Синестезия, или возможность восприятия с помощью органов какого-то одного чувства, явлений, относящихся к области другого, например восприятие цвета или света через звуки, и наоборот, должна была бы сделаться более осознанной благодаря лингвистической метафорической системе, которая передает непространственное представление с помощью пространственных терминов, хотя, вне всяких сомнений, она возникает из более глубокого источника. Возможно, первоначально метафора возникает из синестезии, а не наоборот, но, как показывает язык хопи, метафора не обязательно должна быть тесно связана с лингвистическими категориями. Непространственному восприятию присуще одно, хорошо организованное чувство - слух, обоняние же и вкус менее организованны. Непространственное восприятие - это главным образом сфера мысли, чувства и звука. Пространственное восприятие - это сфера света, цвета, зрения и осязания, и оно дает нам формы и измерения. Наша метафорическая система, называя непространственные восприятия по образцу пространственных, приписывает звукам, запахам и звуковым ощущениям, чувствам и мыслям такие качества, как цвет, свет, форму, контуры, структуру и движение, свойственные пространственному восприятию. Этот процесс в какой-то степени обратим, ибо, если мы говорим: высокий, низкий, резкий, глухой, тяжелый, чистый, медленный звук, нам уже нетрудно представлять пространственные явления как явления звуковые. Так, мы говорим о “тонах” цвета, об “однотонном” сером цвете, о “кричащем” галстуке, о “вкусе” в одежде - все это составляет обратную сторону пространственных метафор.

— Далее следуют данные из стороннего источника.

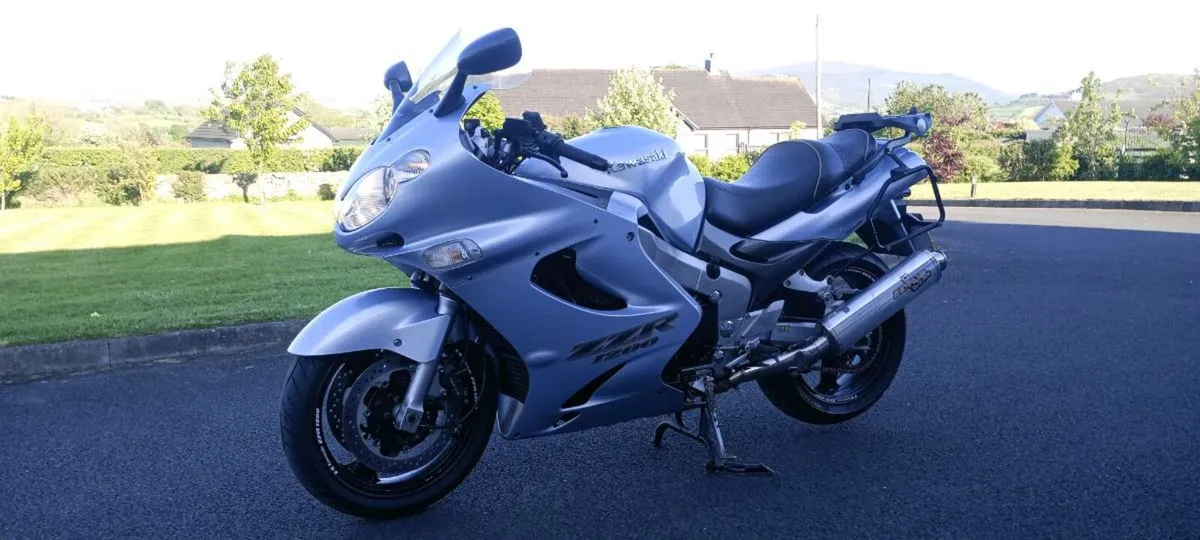 Kawasaki ZZR1200 - Image 1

Для европейского искусства характерно нарочитое обыгрывание синестезии. Музыка пытается вызвать в воображении целые сцены, цвета, движение, геометрические узоры; живопись и скульптура часто сознательно руководствуются музыкально-ритмическими аналогиями; цвета ассоциируются по аналогии с ощущениями созвучия и диссонанса. Европейский театр и опера стремятся к синтезу многих видов искусства. Возможно, именно таким способом наш метафорический язык, который неизбежно несколько искажает мысль, достигает с помощью искусства важного результата - создания более глубокого эстетического чувства, ведущего к более непосредственному восприятию единства, лежащего в основе явлений, которые в таких разнообразных и разрозненных формах даются нам через наши органы чувств.